When Protein Breakdown Breaks Down: Bacterial toxin yields signs of Parkinson’s
By Ben Harder
Certain compounds that hinder cells from destroying waste proteins can produce symptoms of Parkinson’s disease in rats, researchers report. That finding could lead to a new animal model for studying the brain disorder. It also raises the possibility that environmental exposure to a class of compounds known as proteasome inhibitors explains some cases of Parkinson’s in people.
In Parkinson’s disease, neurons die in certain brain areas and abnormal proteins form clusters in other neurons there. Tremors, rigidity, sluggish movement, and balance problems mark the progressive ailment.
The majority of Parkinson’s cases have no known cause, but some cases have been linked to genetic abnormalities that impair cells’ capacity to break down proteins. Barrel-shaped structures known as proteasomes are part of the cellular machinery that normally disposes of molecular trash.

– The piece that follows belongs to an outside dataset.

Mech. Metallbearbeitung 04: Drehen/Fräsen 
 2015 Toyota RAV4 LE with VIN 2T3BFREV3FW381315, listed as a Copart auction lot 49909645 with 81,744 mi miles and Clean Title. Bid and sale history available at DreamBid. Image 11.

Some chemicals interfere with proteasome activity. These include toxins produced by bacteria and fungi, certain plant compounds, some pesticides, and a synthetic chemical used to treat leukemia. Kevin McNaught of Mount Sinai School of Medicine in New York City and his colleagues have tested whether such inhibitors could produce effects similar to those caused by genetic proteasome abnormalities.
Over 2 weeks, the researchers gave each rat six injections containing the proteasome-inhibiting bacterial toxin epoxomicin, a synthetic proteasome inhibitor called PSI, or a solution devoid of inhibitors. They then studied the animals for up to 21 weeks before dissecting their brains.
Within three to 4 weeks, each rat that had received either of the proteasome inhibitors developed Parkinson’s-like behaviors such as tremors and slowed movement, McNaught and his colleagues report in the July Annals of Neurology. The symptoms worsened with time. Brain tissue from these animals revealed protein clusters in Parkinson’s-related areas of the brain and a reduced number of neurons in those regions. Rats in the third group showed no such changes.
The new findings could provide a “huge clue” to the causes of currently unexplained cases of the disease, says C. Warren Olanow, McNaught’s Mount Sinai colleague. Giving proteasome inhibitors to rats “more closely [simulates] Parkinson’s disease than any animal model that has been developed to date,” he adds.
For that reason and because proteasome inhibitors are relatively easy to handle in the lab, the findings could be a boon for Parkinson’s research, says Valina Dawson of the Johns Hopkins Medical Institutions in Baltimore.
“It’s a great step forward,” says Mark Cookson of the National Institutes of Health in Bethesda, Md. But he adds that the rats’ tremors, as they appear in a brief video that he has viewed, seem somewhat different from those observable in Parkinson’s patients.
“To me, those rats looked miserably sick, but not Parkinsonian,” says neuroscientist Serge Przedborski of Columbia University, who also saw the video. He considers it premature to attribute the rats’ behavioral changes to proteasome inhibition rather than other toxic effects of PSI and epoxomicin.
Nevertheless, McNaught and his colleagues speculate that because proteasome inhibitors occur widely, exposure to these agents could represent an important environmental risk factor for Parkinson’s disease. As yet, human exposure to these compounds remains largely undocumented.